Sierra Nevada Corporation (SNC) and their Dream Chaser space plane had a little bit of a mishap a couple of days ago. A landing gear failed to deploy, causing the space plane to skid off the runway upon landing.
First, the crash could have been much worse. Had there been a crew aboard, they would have walked away pretty much unscathed. SNC is reporting that not only was the crew cabin not ruptured during the crash, but all the delicate instrumentation within the crew cabin was fully intact and still recording data after the Dream Chaser came to rest.
SNC is quick to comment that up until the moment the landing gear failed, the test had gone swimmingly. The Dream Chaser glided perfectly to the center line of the runway and would have made an exemplary landing, if not for that darned landing gear. The specific way the landing gear failed is still under investigation, but a gear malfunction is thought to be at fault.
It's worth mentioning that the landing gear in question is actually a "heritage" part, meaning that it was scavenged from an old fighter jet. SNC used the older landing gear because the current Dream Chaser prototype was only ever slated to complete two autonomous flights. The final version of the space plane would, of course not be equipped with any previously used parts.
Whether or not the current prototype will complete its second slated flight is the current question on the table at SNC. The data collected from the first flight is completely intact and shows a lot of promise. Being that the exterior of the space plane would have to be repaired before a second attempt (and even then flight data might be less reliable), if the team at SNC determines that this first flight actually collected all the data they need, the prototype could be retired.

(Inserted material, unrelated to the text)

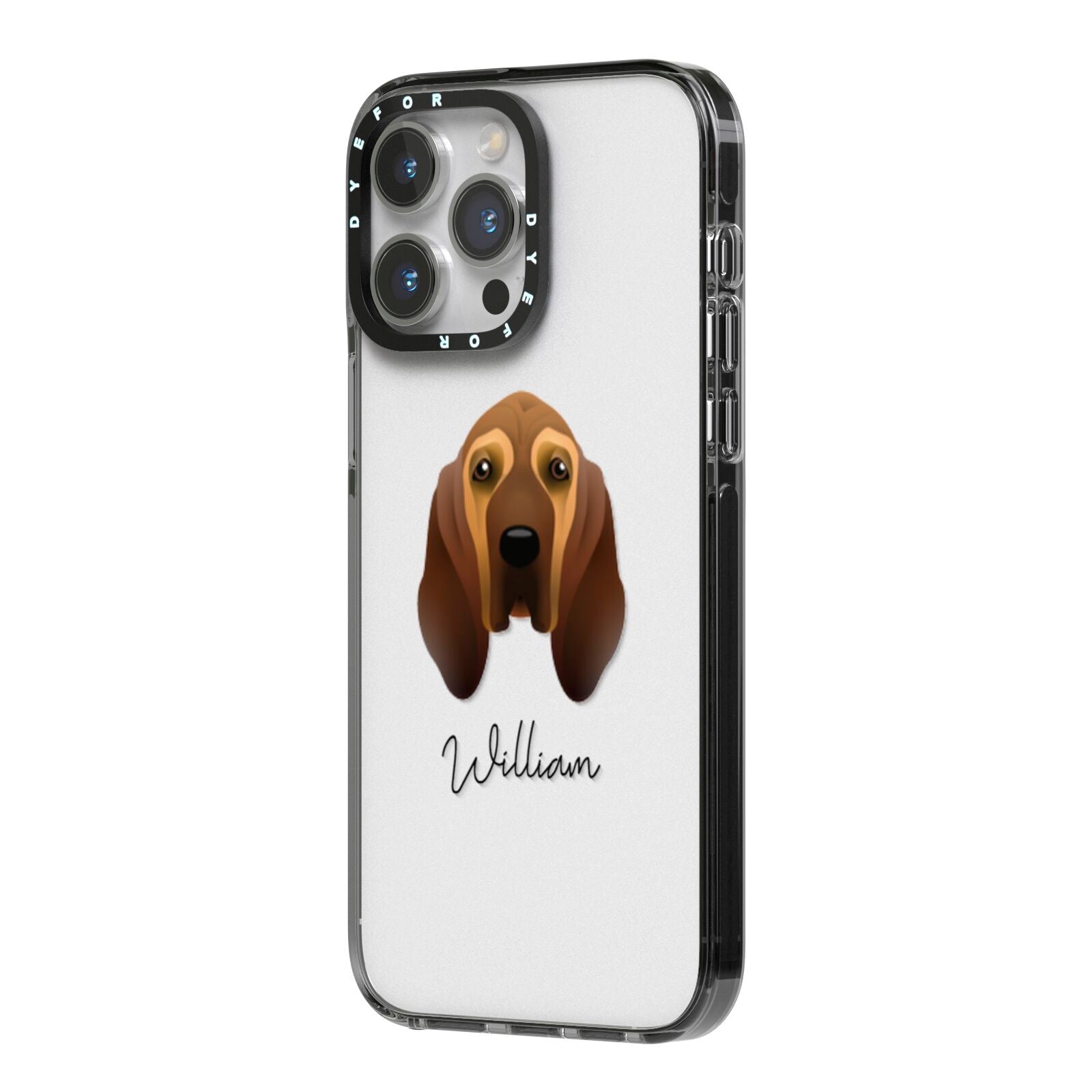 Bloodhound Personalised iPhone 14 Pro Max Black Impact Case Side Angle on Silver phone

If that ends up being the case, this week's crash landing might actually speed up the development of the Dream Chaser. All in all, the cloud that has hovered over the space plane's latest test does actually seem to be largely made up of silver linings. The prototype that crash landed could fly again, but might not need to. A shiny new space plane with purpose-built landing gear is in the works, and nobody was hurt. As the old saying goes, any landing you can walk away from is a good one. As for the folks at SNC, they can walk away from this one with their heads held high, looking toward that perfect space plane of the future.